Algo sintió en su interior. Un fuerza rompedora se apoderó de él. No había descubierto nada pero un calor infernal recorrió su escultural cuerpo de pies a cabeza. Sintió la necesidad del agua y se lanzó. Se sumergió en sus profundidades buscando nada, descubriendo todo, sin razón y sin sentido, dejándose llevar...

Se cruzó con navíos hundidos, barcos que habían usado los piratas en otros tiempos, cargados de tesoros y de historias, de cerveza y truhanerías. Siguió la estela de un pez que nadaba a marchas forzadas. Habló con dos sirenas que le animaron a seguir hacía el final. Pero, ¿dónde estaba ese final? ¿qué se encontraba allí? Nada de eso importaba, una fuerza interior no le dejaba debatir más. Atrás quedaban los tiempos de planificación y composición mental de situaciones. Era el tiempo del desenfreno y del más puro anarquismo. En el agua no había normas, no había pesos, era libre, flotaba, quizás no... Una fuerza le impulsaba...

Nadó sin mover ni un músculo de su cuerpo, encontró ciudades sumergidas, pueblos ancestrales, leyendas nunca contadas. Pintó y dibujó cada uno de esos lugares, con un trazo suave y delicado, sin estimar en color ni en pintura.

Una carabela llamó su atención. Esta no estaba hundida, estaba llena de vida y de luz, resplandeciente, rodeada de una inmensa barrera de coral.

Corales rojos y blancos llevaba en su collar, aunque la intensidad del brillo de su ojos les hacían difíciles de ver.
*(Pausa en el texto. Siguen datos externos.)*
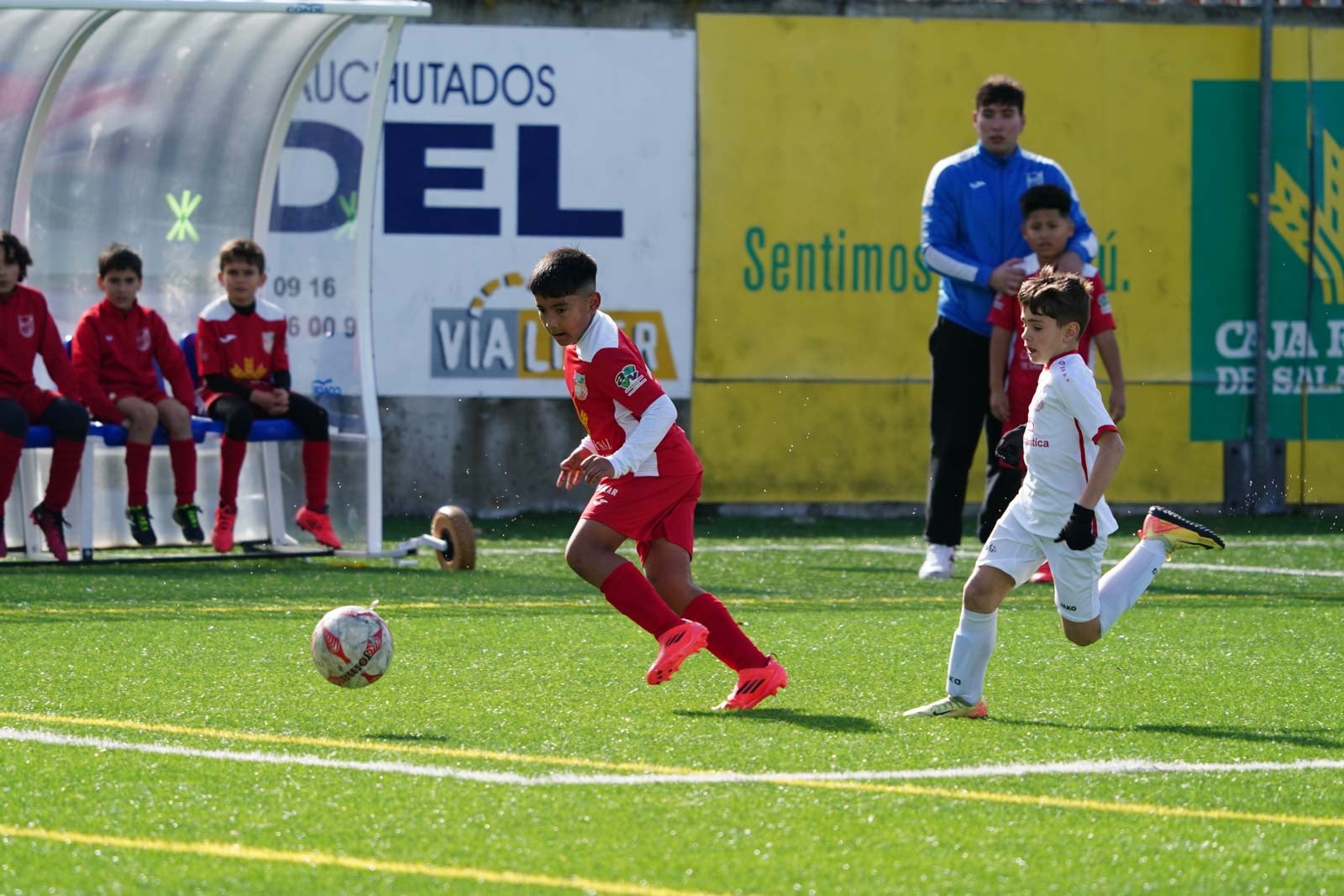 Las mejores imágenes de la jornada 17 en el fútbol base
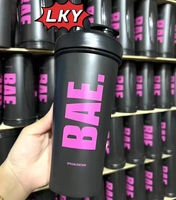 Logo personnalisé en gros sans BPA Fitness en plastique noir transparent Gym Blender Shaker Cup Sports Water Whey Protein Bottle pour salle de sport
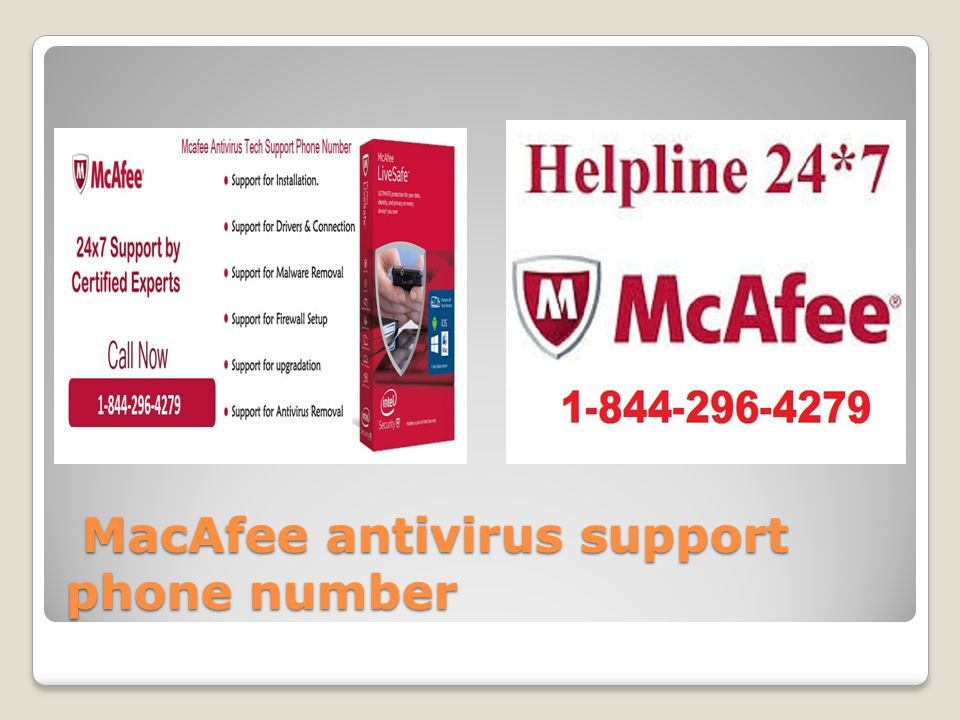 MacAfee antivirus support phone number MacAfee antivirus support phone number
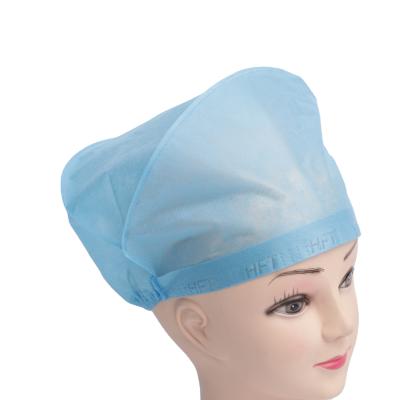 China Single Elastic Antibacterial Medical Disposable Buffing Cap/Nurse Cap/Medical Protective Cap for sale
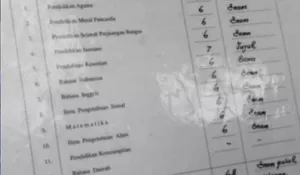 Viral Ijazah SMP Milik Ahmad Sahroni Dijarah Massa, Nilai Rata-rata 6 Jadi Bulan-Bulanan Warga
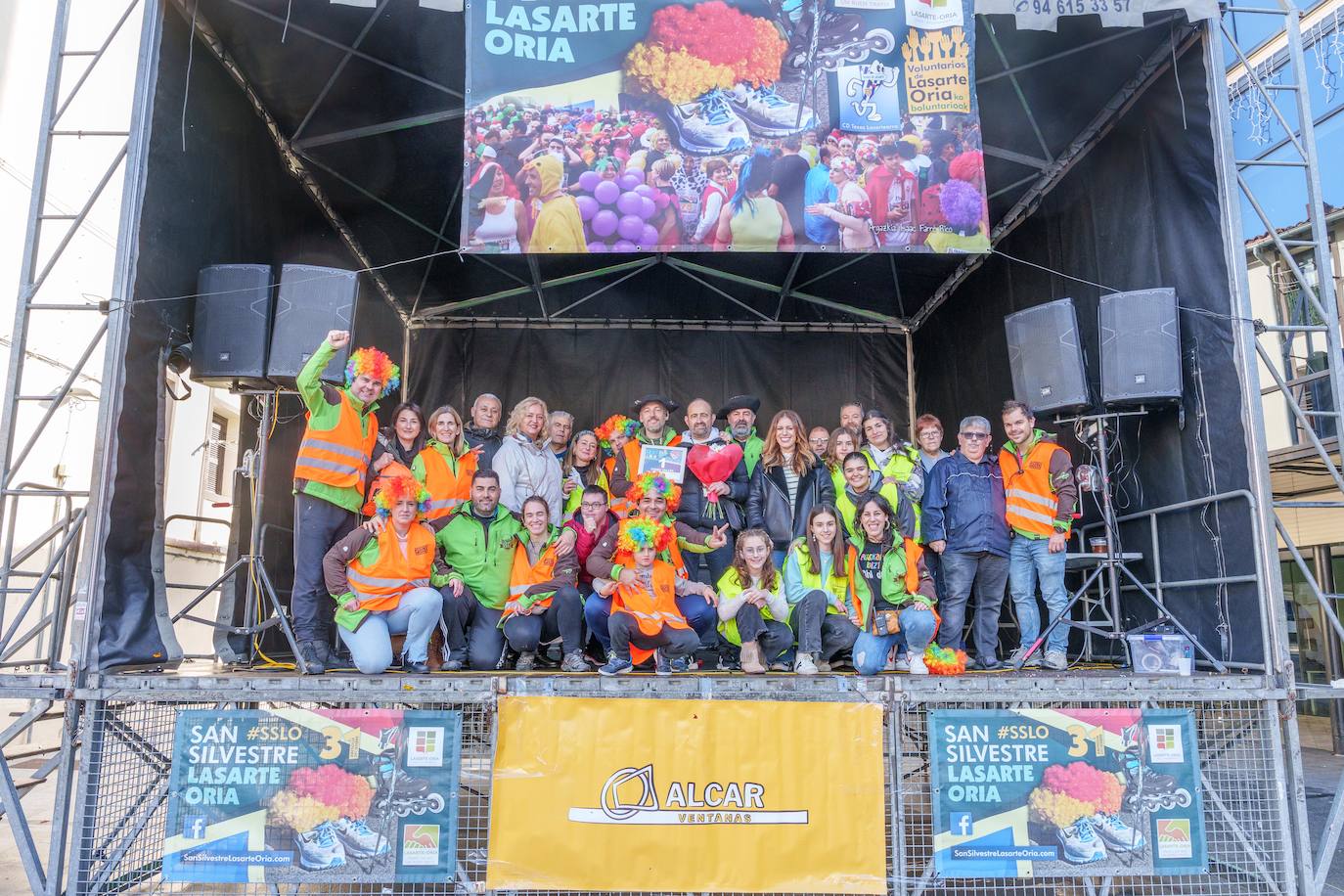 Las mejores imágenes de la San Silvestre en Lasarte-Oria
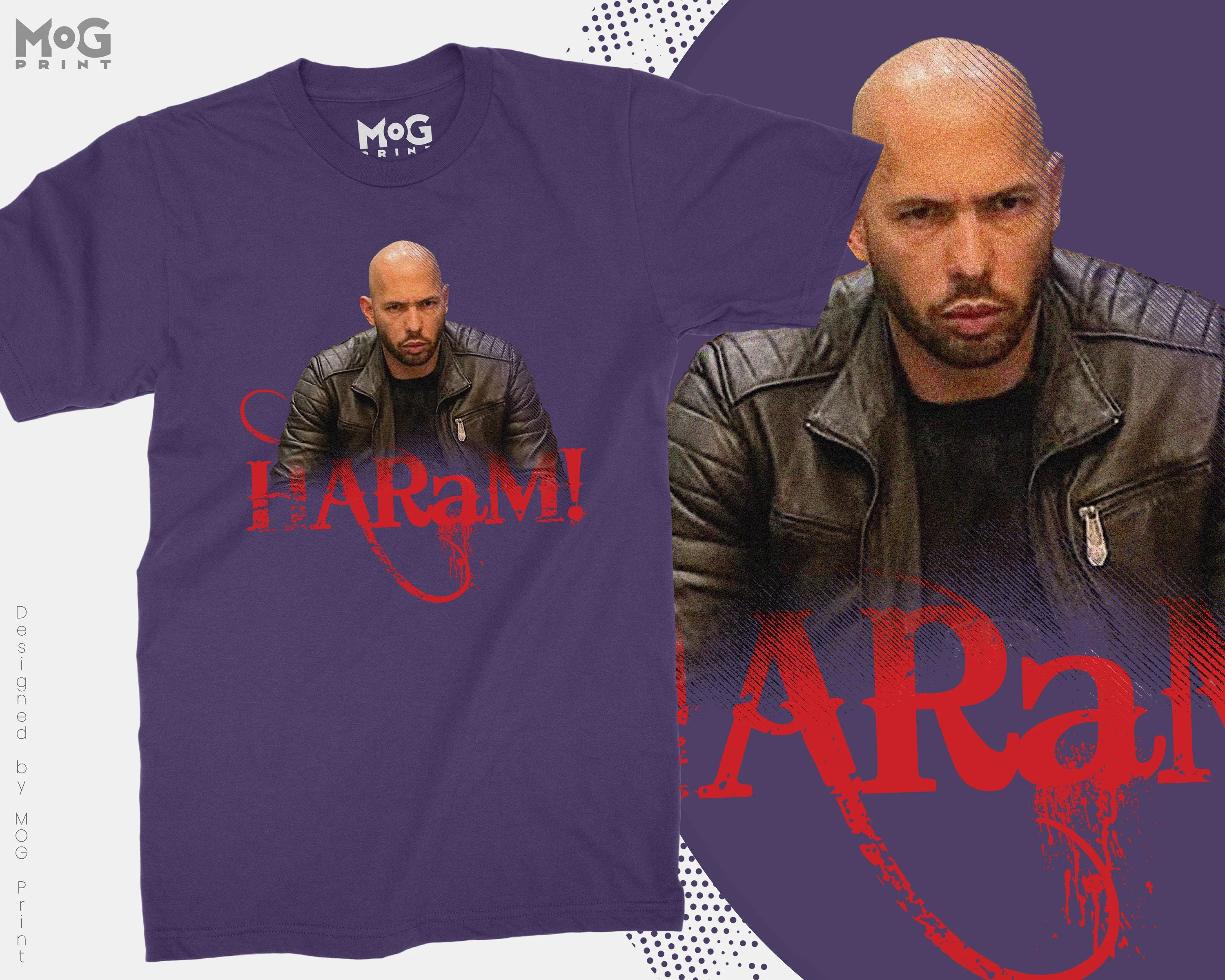 Andrew Tate Haram T-shirt Merch Top G Sheikh Andrew Tate Muslim Hustler Tatespeech Intellectual Influencer Viral Social Media GOAT UK Legend - Image 4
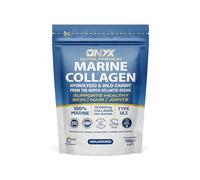 Onyx Marine Collagen Powder 10000mg - Hydrolyzed Type I & III Collagen Peptides - Unflavored, High Absorption Supplement for Hair, Skin, Nails & Joints - Non-GMO, Keto & Paleo Friendly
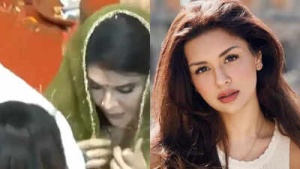 Jacqueline Fernandez, Avneet Kaur Caught in Crowd Surge at Lalbaugcha Raja Pandal During Ganesh Chaturthi – Viral Video Shows Difficult Exit
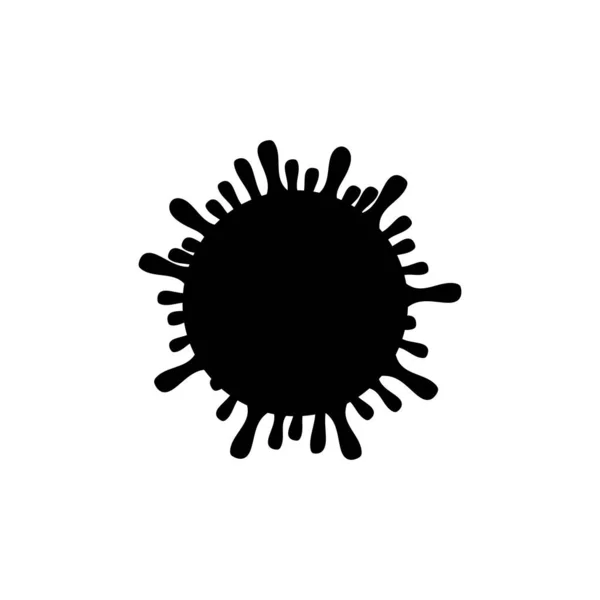 Silhouet virus. Infectievirale ziekte — Stockvector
Allí estaba ella, dominando ese instante, sin dejar hueco a la respiración. El corazón de Eliano se disparó y comenzó a latir muy fuerte, tanto que terminó parándose. Sintió que le faltaba el oxígeno por primera vez en todo aquel tiempo. El traje de lino se había arrugado y la gomina del pelo había desaparecido. Todo estaba a punto de acabar... Sentía como se hundía al fondo del río, pero no había fondo, era un inmenso caer hacia ningún sitio, amargado, dolido, sin fuerzas, distante...
Estuvo cayendo durante días, meses, quizás años... Pero su momento llegó, y la mano de Selene le agarró dulcemente. Le dio a beber el oxígeno de sus besos, y pudo respirar, y respiró y todo ese tiempo había merecido la pena. La cola de sirena les sirvió para llegar a la superficie. Estaban en el paraíso... El sol se había animado a salir y alumbraba con su luz el conjunto de colores que decoraban el paisaje.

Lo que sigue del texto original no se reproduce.